After a couple of years mending deficits with dollars from the bank accounts of colleges, Gov. Chris Gregoire and lawmakers covered Washington’s $500 million budget hole this year without digging into those accounts again.
It’ll be a moment the state’s corporate giants will celebrate, as their emissaries campaigned to save higher education from more pillaging. And it’ll be a moment the leaders of two- and four-year schools will celebrate too; for them the next best thing to getting dough in good times is not losing any in bad times.
But there are no free victories in politics.
The cost of this one may be the loss of a little independence.
Olympia’s elected class decided this year they wanted to have a bigger role in the day-to-day educating of college students and a stronger accounting of how taxpayer dimes and quarters are spent accomplishing it.
Under a new law, this July will see the elimination of the Higher Education Coordinating Board, which oversees financial aid programs and is a fount of studies, analyses and strategic plans lawmakers can use in setting statewide policy.

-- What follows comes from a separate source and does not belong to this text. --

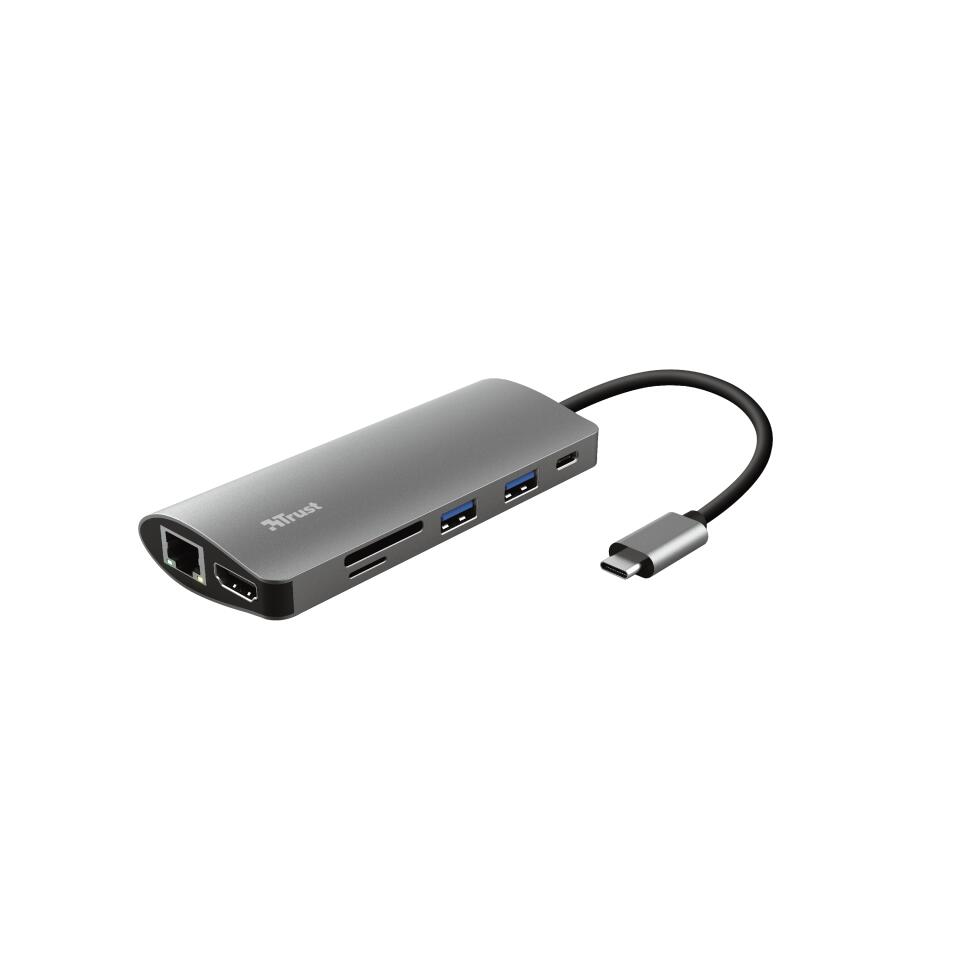Trust Dalyx 7-in-1 USB-C Multi-PortAdapter - Silber 23775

Two new entities will replace it: one office to focus on financial aid and a separate nine-member Student Achievement Council that will do nearly everything else the HEC board did and then some.

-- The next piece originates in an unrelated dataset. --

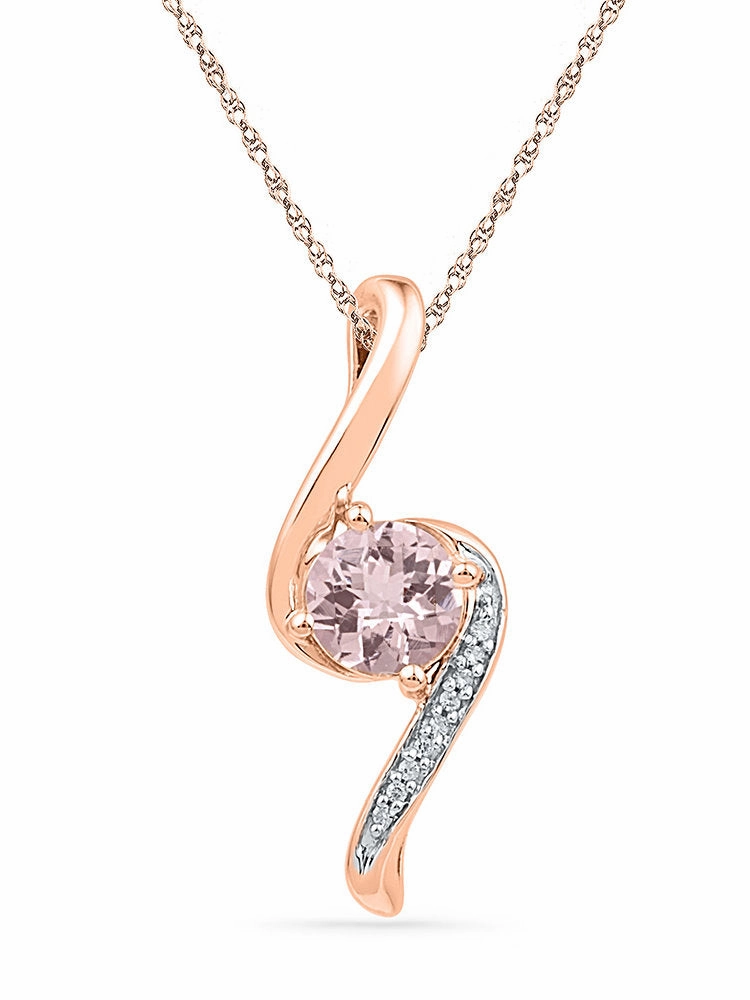 Impeccable Accent Morganite and Diamond Necklace 10K Rose Gold Chain Included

A couple of chores will disappear but for the most part this council, like the HEC board, will be figuring out what colleges now charge, teach and own, and what they need to charge, teach and build in the future to produce graduates for Boeing, Microsoft and the rest of the state’s industrial sector.
They also must diagram a path for the state to make sure those schools get it done.
There are differences spelled out in the law, which, when added up, may mean a subtraction of power for each institution of higher education.
For example, colleges and universities will have to prove to the council they’re doing what they say they’re doing or face consequences. Lawmakers want the council to tell them how and where money should be spent and expects to be told which colleges aren’t performing up to snuff.
Also, the law says if the two-year colleges have a gripe with the four-year universities, the council will arbitrate. The HEC board didn’t have such power.
Finally, with no vocal champion in Olympia, the HEC board often saw its work disrespected or ignored. The council shouldn’t suffer such a fate because its makeup is politically designed.
University presidents get to name one member. So too does the Office of Superintendent of Public Instruction and the state Board of Community and Technical Colleges. Granting each a vested interest ensures they will be giving, taking and fighting on the council and, if necessary, in front of lawmakers.
And there’s more in this law.
Apparently legislators didn’t think having higher education committees in the House and Senate is enough. So they created the Joint Committee on Higher Education to be made up of two Democrats and two Republicans from each chamber.
This panel will be the way station where members of the achievement council must stop to share their ideas and recommendations. It also will craft legislation that means purveyors of postsecondary learning better show up to make sure their interests are protected and served.
Outsiders might look at all that lawmakers did and wonder if the higher education system needed this much saving.
For those on the front lines who faced the prospect of receiving less state aid and higher tuition, it’s not a question they’re asking.